Youth Skills Empowerment Key to Africa's Development

Published on 21st June 2016

If the recent Agribusiness and Innovation Trade Fair made possible by the USAID-supported East Africa Trade and Investment Hub, Syngenta, Inter-Region Economic Network and Toyota Kenya Academy is anything to go by, there is hope for proactive youth from Africa. The Fair featured youth from East Africa and Ethiopia aged between 18-35 years who run SMEs or start-ups that address needs arising from various agricultural value chains in their respective countries such as processing, finance, software and apps development, agro-mechanization, packaging and export services. Despite the fact that about 10 and 12 million young Africans enter the workforce each year, only three million formal jobs are created annually. About 2.9 million people migrate out of Africa every year to look for green pastures.

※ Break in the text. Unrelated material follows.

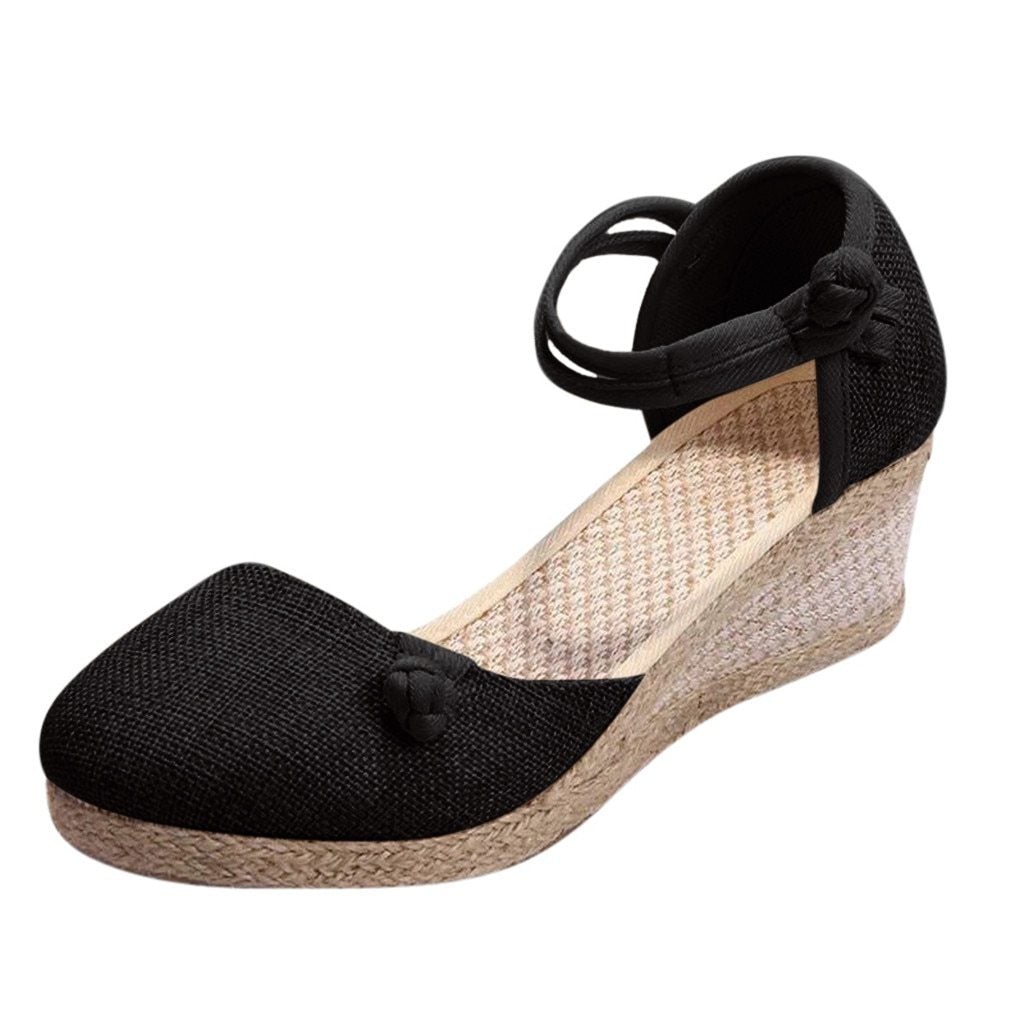 "Dorette" Canvas-Sandalen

The key objective of the Agribusiness Innovation and Trade Fair is to offer our young innovators an opportunity to scale up agribusiness activities through training initiatives with a view of stimulating enterprises that are investible, sustainable, competitive and ready to play an active role in the larger East African market.  If this is sustained and replicated all over Africa, this would elicit job creation. For Africa, the gains of employment would propel incomes, offer higher standards of living and translate to a 10 per cent to a 20 per cent increase in the continent's GDP. Besides, it would provide better opportunities to thousands of youths who join rebel armies and are manipulated by politicians, as well as save many souls who would otherwise perish in the Mediterranean Sea and the Sahara Desert in search of economic opportunity in Europe.